Consider a buyer who is interested in acquiring a particular home. A year earlier, the buyer qualified to borrow sufficient funds to pay the seller’s then asking price.

However, in the intervening year, mortgage rates jumped, and the buyer is now unable to borrow the same amount of money.

Unsurprisingly, the property the buyer was able to buy just a few months ago is now priced out of reach due to the interest rate change, not an increase in the price. The buyer now only qualifies to purchase the property at a lower price.

However, as is usually the case, the buyer is not interested in purchasing a lesser quality of property than the one they once were previously qualified to buy. Buyers, psychologically, will rarely downgrade. They will instead wait until prices or interest rates drop, or their income significantly increases.

Interest rates will continue to rise during the next couple of decades.
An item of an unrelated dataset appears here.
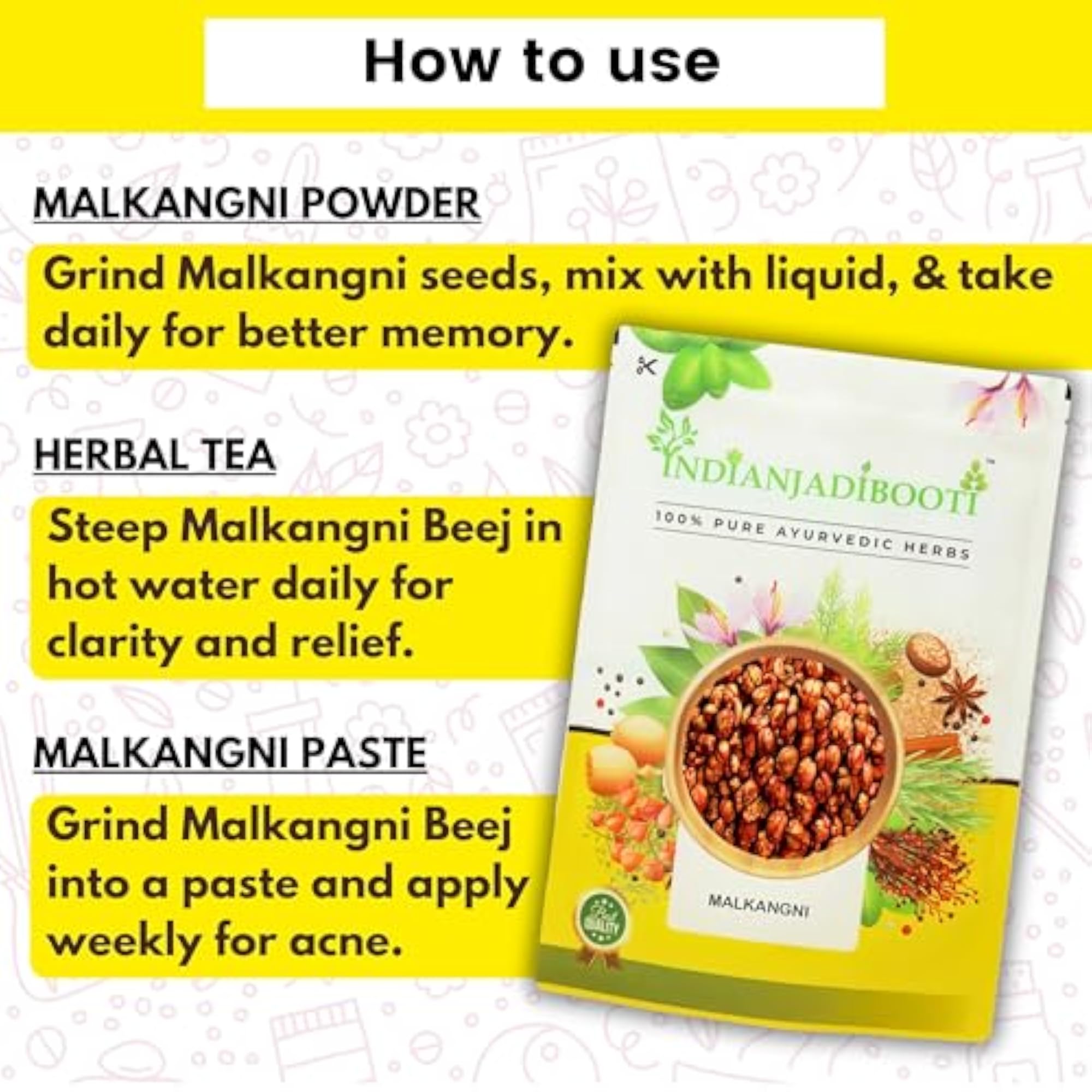 Malkangni Beej-Jyotishmati Seeds 250 Grams Pack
In turn, seller’s prices will need to correspondingly drop, when they are asking more than the equivalent rise in annual consumer inflation.

The agent’s initial solution to keep their sales volume from dropping is to negotiate a change in the seller’s price to accommodate the realities of the mortgage rate change. If not, buyers and sellers will stand still with little to no ability to make a deal.
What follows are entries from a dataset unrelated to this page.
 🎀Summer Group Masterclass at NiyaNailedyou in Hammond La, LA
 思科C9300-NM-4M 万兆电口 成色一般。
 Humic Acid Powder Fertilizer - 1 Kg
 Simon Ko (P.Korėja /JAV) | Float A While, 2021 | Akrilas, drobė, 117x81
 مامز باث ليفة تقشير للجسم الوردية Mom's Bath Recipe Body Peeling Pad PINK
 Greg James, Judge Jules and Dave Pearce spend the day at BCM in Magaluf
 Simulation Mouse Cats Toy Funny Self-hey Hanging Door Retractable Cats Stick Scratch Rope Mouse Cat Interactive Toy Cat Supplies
The buyer’s income when making an offer to buy is static, like the position of a fulcrum about which other dynamics move events. Most sales involve a mortgage lender, but the maximum amount of principal they lend to fund a purchase is static, dictated as no more than 31% of the buyer’s gross income for mortgage payments. Further, the lender’s mortgage rate at the moment the buyer is approved for a mortgage is also static, set by the bond market which dictates mortgage rates and no one else.

So, who needs to give? Buyers can’t, lenders won’t. So, sellers alone need to adjust by asking the “going price” for their property — when their intention is to sell, not simply test the market at the expense of the listing agent’s efforts.

When the seller does not adjust their price expectations, they exit the market — but only after the seller’s agent spends protracted time and effort marketing the property. Thus, seller’s agents will fast learn to “fire” their sellers who are not ready to sell at today’s prices.